Not that ANY of this has ANYTHING to do with a proposed mobile home community -- I saw not one solid objection, other than the zoning Catch-22 detailed above -- and yet again, one feels that any decisions were made long before any meetings. I do, anyway.


Scott Wedel 3 years, 7 months ago

Maybe YVHA should contract out the management of their Fish Creek Park to the Williams Family that is doing a nice job at West Acres.

Fish Creek appears to have huge infrastructure issues in particular with water and sewer that their meeting minutes say need to be replaced. Which after fixing the roads is probably more than what the residents want to pay for a lot.


Martha D Young 3 years, 7 months ago

Didn't the Enevers sell Fish Creek Trailer Park to its lot renters so that the owners of the trailers would also own the land on which they sit? Does the city have any obligation to maintain roads and infrastructure within that park, as it does in the rest of the residential neighborhoods? Why are so many mobile home parks alongside the Yampa? How do they deal with the occasional flooding and bank erosion? Why were the owners of the mobile home park behind what is now Natural Grocers allowed to raze/remove all the trailers and then let the land remain ugly and unused? It seems to me that the city has a lot of work to do in order to ensure code enforcement and infrastructure maintenance in mobile home parks, and plan for zoning for housing for low income residents.

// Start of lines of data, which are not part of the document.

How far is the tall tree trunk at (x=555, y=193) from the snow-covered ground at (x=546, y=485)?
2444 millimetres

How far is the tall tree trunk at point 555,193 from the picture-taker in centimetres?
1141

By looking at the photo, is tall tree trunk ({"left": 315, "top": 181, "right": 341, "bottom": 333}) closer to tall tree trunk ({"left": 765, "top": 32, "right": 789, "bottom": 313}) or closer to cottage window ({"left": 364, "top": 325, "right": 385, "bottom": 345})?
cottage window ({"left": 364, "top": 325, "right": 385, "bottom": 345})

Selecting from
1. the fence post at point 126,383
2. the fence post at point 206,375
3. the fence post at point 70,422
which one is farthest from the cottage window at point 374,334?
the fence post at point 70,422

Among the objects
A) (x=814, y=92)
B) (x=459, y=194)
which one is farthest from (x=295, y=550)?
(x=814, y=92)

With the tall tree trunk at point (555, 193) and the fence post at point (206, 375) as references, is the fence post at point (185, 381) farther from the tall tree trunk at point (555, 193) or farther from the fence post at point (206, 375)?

Scott Wedel 3 years, 7 months ago

YVHA purchased the Fish Creek Trailer Park. The entire parcel is owned by YVHA so the city has no responsibility to maintain the streets or water or sewer lines.

There is a long tradition of mobile home parks being in flood prone areas because they were originally seen as mobile and, in theory, could be moved.

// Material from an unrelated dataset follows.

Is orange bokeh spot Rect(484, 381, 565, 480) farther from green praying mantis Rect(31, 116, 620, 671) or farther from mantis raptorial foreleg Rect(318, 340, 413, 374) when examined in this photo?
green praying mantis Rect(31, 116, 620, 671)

The parcel behind Natural Grocers had a grand development plan called Riverwalk, but the real estate bubble burst before it was built. City has definitions of what is a public nuisance and generally it is to prevent something being a danger or problem to others and not whether something is "ugly".

The City's responsibility for the infrastructure maintenance of private property (which are mobile home parks) is limited and should be limited.

The huge problem that SB faces regarding low income residents is that this is a desirable place to live and that inexpensive housing is under great demand from those wishing to live here. Zoning does not control the final cost of housing A government's has limited ability to distort the free market and create low income housing. It leads to side effects of people staying in their government discounted housing long after they otherwise would have moved on and so on.


Martha D Young 3 years, 7 months ago

Thanks for the clarifications, Scott. I mistakenly thought that the roads in trailer parks were public and therefore subject to city maintenance. Regarding what constitutes a "public nuisance", the demolition site of the two duplexes off of Oak Street comes to mind, as does the undeveloped and unsightly property between the bank and the condos on Anglers Drive. I wonder if they'd qualify for "urban blight" and therefore "renewal", as has Ski Time Square. Sorta just kidding.


Scott Wedel 3 years, 7 months ago

Blight used to mean properties that had minimal if any value that were waiting for values to improve so that investments could be profitable. Renovating a building to be suitable for decent paying commercial tenants would be a waste of money since no one would be interested in moving to that area. And so everything was left to decay and thus the blight. In that context, redevelopment could work as one massive project converting a whole area because the commercial activity in the tax supported redevelopment area makes nearby lower rent buildings more attractive.

A place like downtown Oak Creek would be a candidate for a redevelopment district. If a company like Big Agnes with 50+ employees could be found willing to move there then using redevelopment money to build them a suitable building could be expected to increase the overall local economy and property values making the redevelopment money worthwhile.

But then politically connected property owners saw how much money there was available for redevelopment and local governments eyed the money that could be used for stadiums and so on, so then properties needing "redevelopment" became anything.